Caminhos que a gente é! Caminhos que a gente faz. Hoje, excepcionalmente o texto proposto pela liturgia nos provoca a ir mais além. O próprio Jesus nos convida a passar à outra margem: “Naquele dia, ao cair da tarde, Jesus disse a seus discípulos: Vamos para a outra margem!” (Mc 4,35) No texto em seu contexto, Jesus convida os seus discípulos a atravessar para a terra dos pagãos. O submundo dos empobrecidos e marginalizados. Na travessia, eles se deparam com o mar agitado, simbolizando todas as nações pagãs que ameaçavam destruir a comunidade cristã, gerando medo e insegurança para os seguidores de Jesus. Mas Ele é o Senhor da história e dos povos. O medo dos discípulos é sinal da falta de fé: eles não conseguem ver que a ação de Jesus transforma as situações.

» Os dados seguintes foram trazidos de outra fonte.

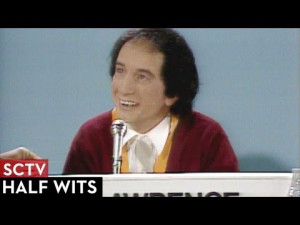 SCTV - Half Wits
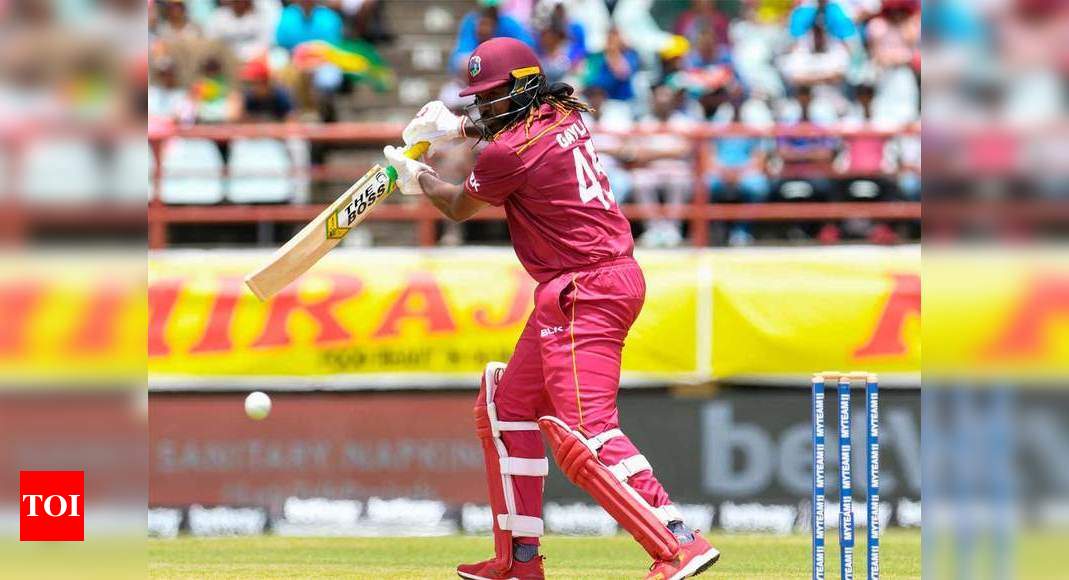 Chris Gayle surpasses Brian Lara to become highest run ...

Somos também desafiados a ir para a outra margem em nossas vidas. Lá depararemos com aqueles que são os destinatários primeiros da ação de Jesus no meio de nós. Assim como os discípulos, também teremos medo, insegurança e incertezas. A travessia nem sempre é feita na calmaria. Mesmo assim, precisamos nos desinstalar. Passar à outra margem como sinal de saída da nossa zona de conforto, enfrentando os desafios que a vida nos reserva. Sair de nós mesmos e adentrar no horizonte de perspectiva do outro. A nossa segurança está em Deus e na pessoa de Jesus que conosco faz também esta travessia, segurando na nossa mão. Como o evangelista São João assim nos assegura: “Deus o mundo tanto amou, que lhe deu seu próprio Filho, para que todo o que nele crer, encontre vida eterna”. (Jo 3,16) Que a sabedoria de Santo Tomás de Aquino nos alcance nesta longa travessia à outra margem! Que o medo não nos impeça de alçar voos mais altos nesta travessia, “porque sou eu que conheço os planos que tenho para vocês, diz o Senhor, plano de fazê-los prosperar e não de lhes causar dano, planos de dar-lhes esperança e um futuro”. (Jer 29,11)


Francisco Carlos Machado Alves conhecido como Chico Machado, foi da Congregação do Santíssimo Redentor, os Redentorista, da província de São Paulo. Reside em São Felix do Araguaia no Mato Grosso e é agente de Pastoral na Prelazia de São Felix desde 1992. Sua atividade pastoral é junto aos povos indígenas da região: Xavante, Kayabi, Karajá, dentre outros. Mestre em Educação atua na formação continuada de professores Indígenas, nas escolas das respectivas aldeias.